++++ Record excerpts ++++
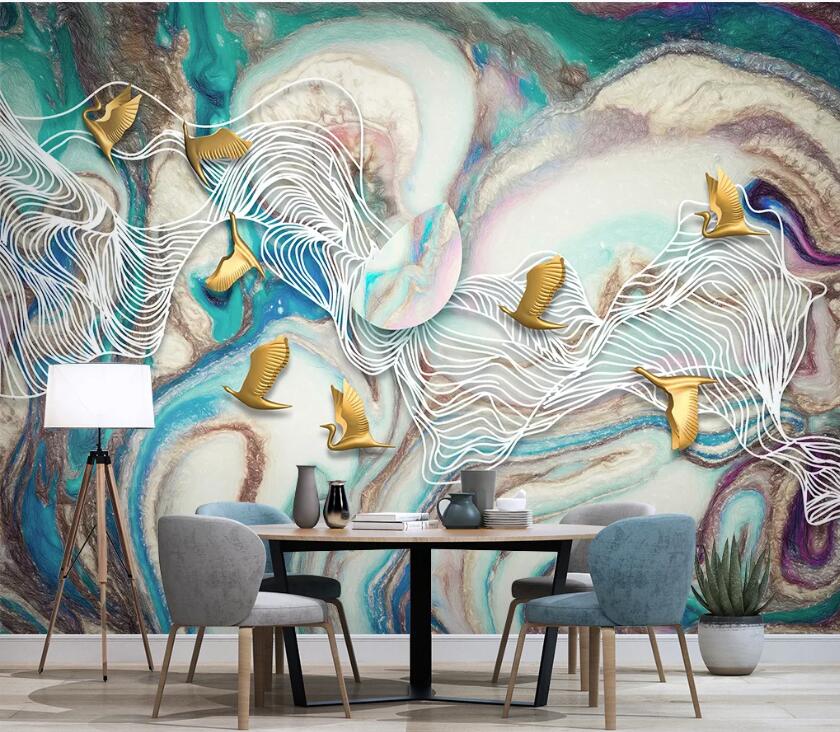 3D Gold Crane WC2323 Wall Murals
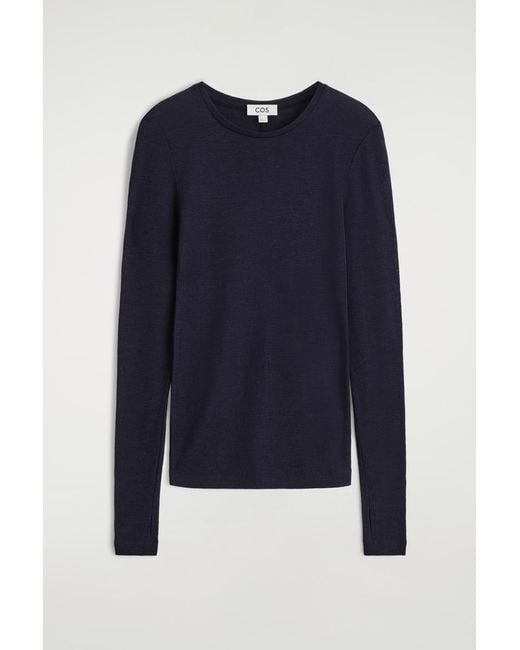 COS Blue Slim Merino Wool Sweater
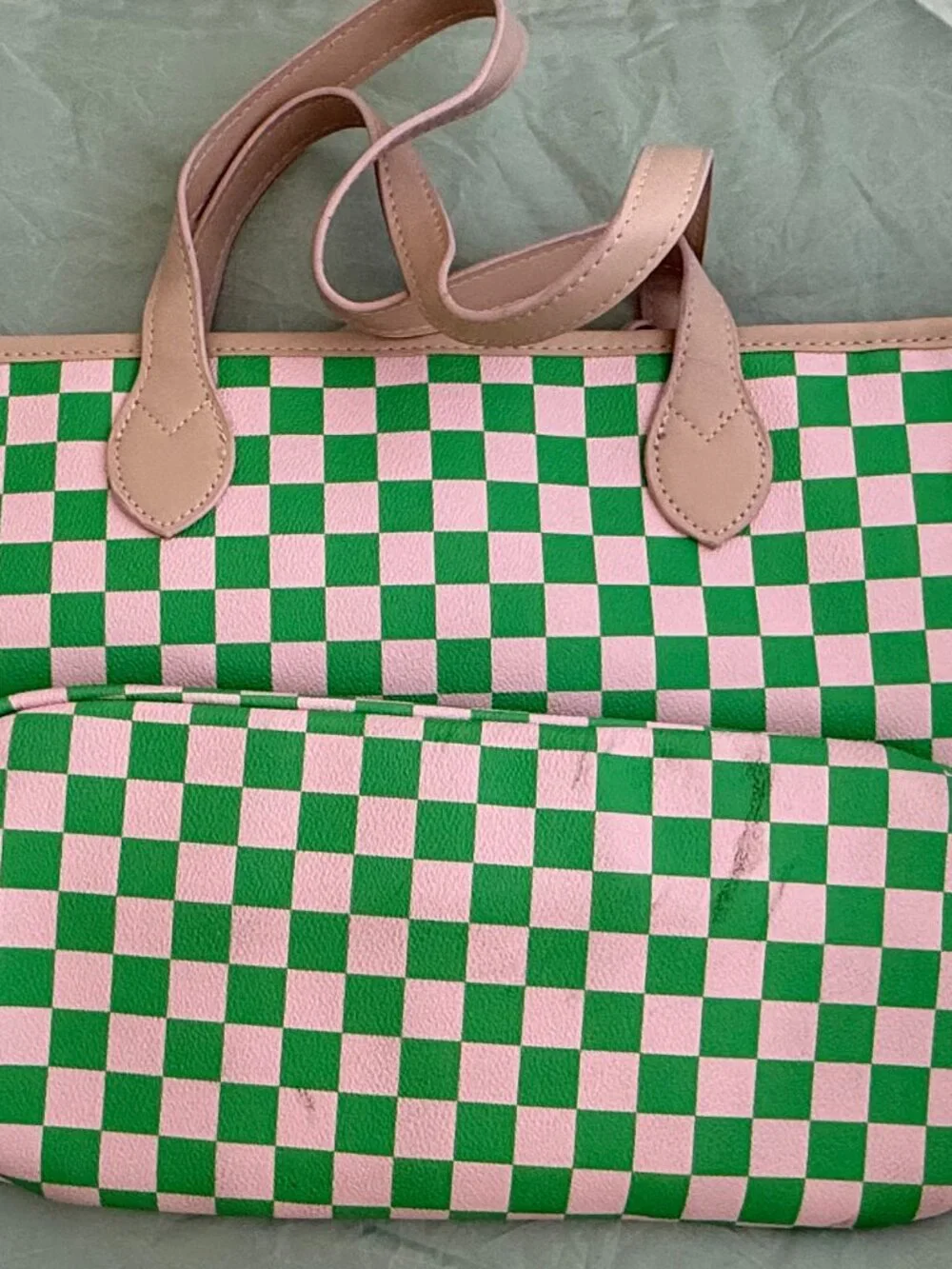 Pink & Green Checkered Weekender/Duffle Bag + Matching Zip Wallet/Card Case 4pc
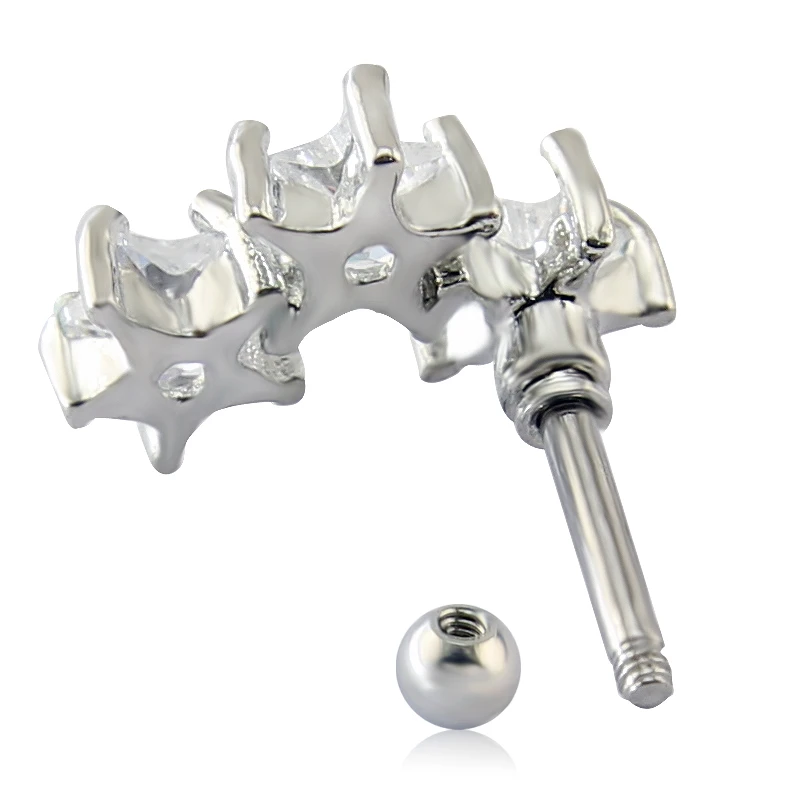 Trinity Star циркониевые шпильки очаровательные женские серьги из нержавеющей стали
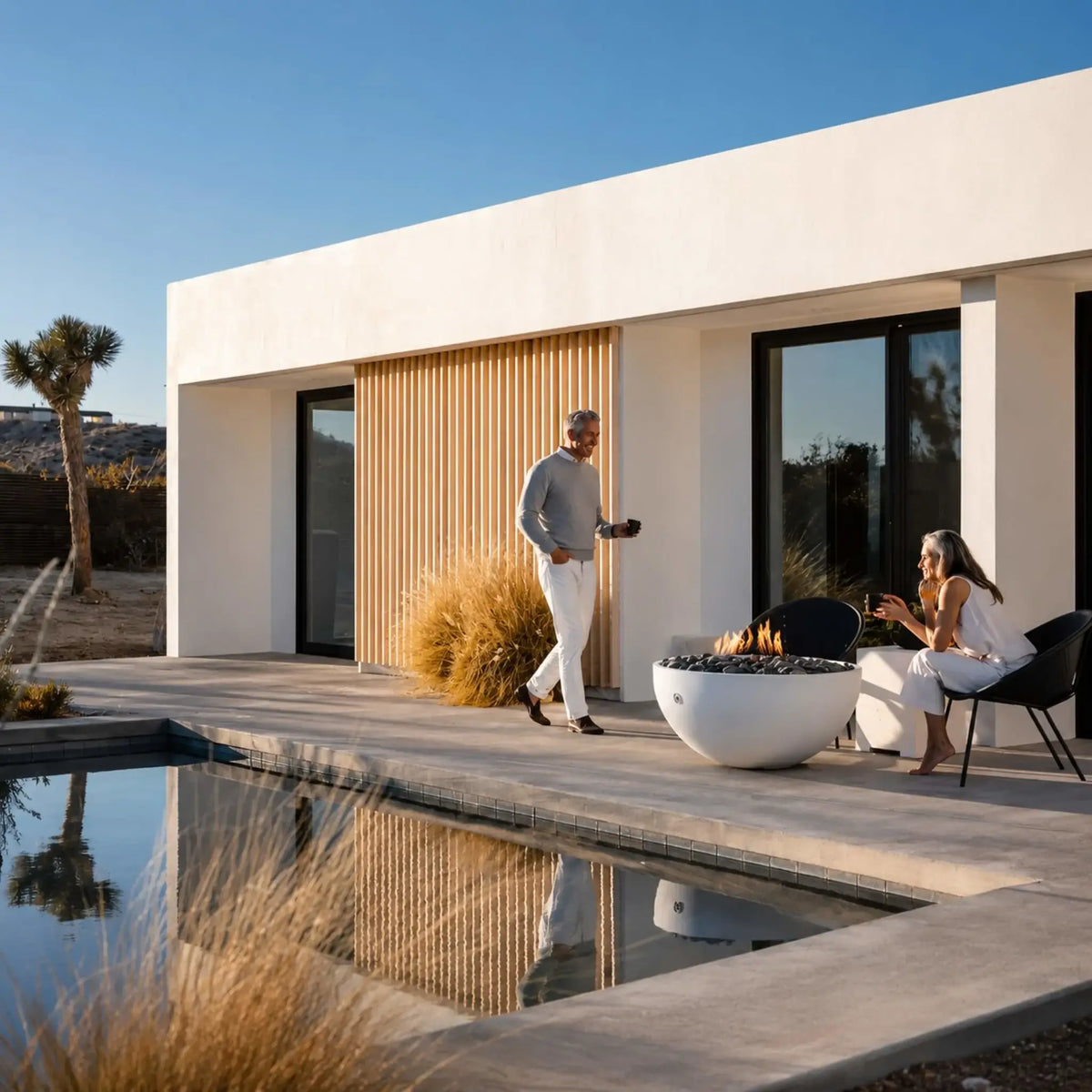 HPC Fire Hearth Products Controls Dekko GFRC Concrete Serenade 40 Fire Pit Lifestyle image capturing a modern poolside patio with a white round fire pit and active flame. A couple enjoys the outdoor setting beside a sleek contemporary home, while the Serenade 40 fire pit complements the minimalist architecture, reflective pool, and desert-inspired landscaping.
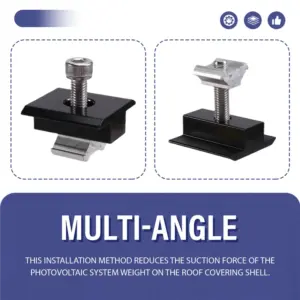 AT19-Solar Panel Aluminum Mounting Brackets - 12 Piece Set With End And Middle Clamps For Trapezoidal Roof PV Rails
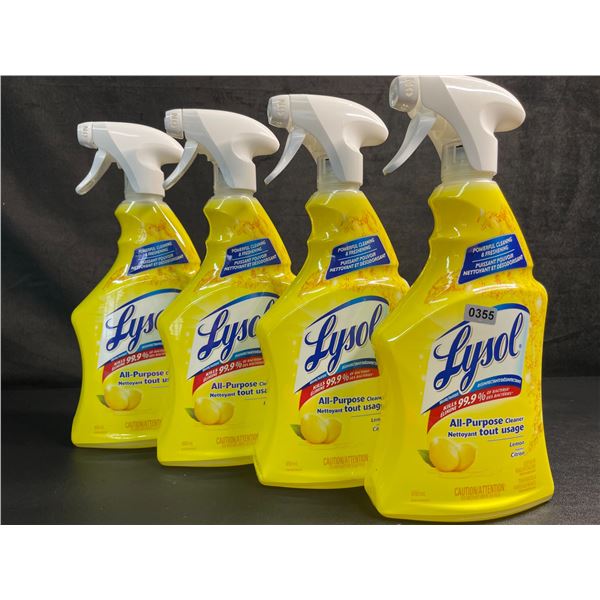 4 Bottles of Lysol All-Purpose Cleaner/Disinfectant (650ml) Lemon Scent - New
++++
Out of the records above, return only the lines from the one with "COS Blue Slim Merino Wool Sweater" through the one with "HPC Fire Hearth", exactly, and none of the pictures.

 COS Blue Slim Merino Wool Sweater
 Pink & Green Checkered Weekender/Duffle Bag + Matching Zip Wallet/Card Case 4pc
 Trinity Star циркониевые шпильки очаровательные женские серьги из нержавеющей стали
 HPC Fire Hearth Products Controls Dekko GFRC Concrete Serenade 40 Fire Pit Lifestyle image capturing a modern poolside patio with a white round fire pit and active flame. A couple enjoys the outdoor setting beside a sleek contemporary home, while the Serenade 40 fire pit complements the minimalist architecture, reflective pool, and desert-inspired landscaping.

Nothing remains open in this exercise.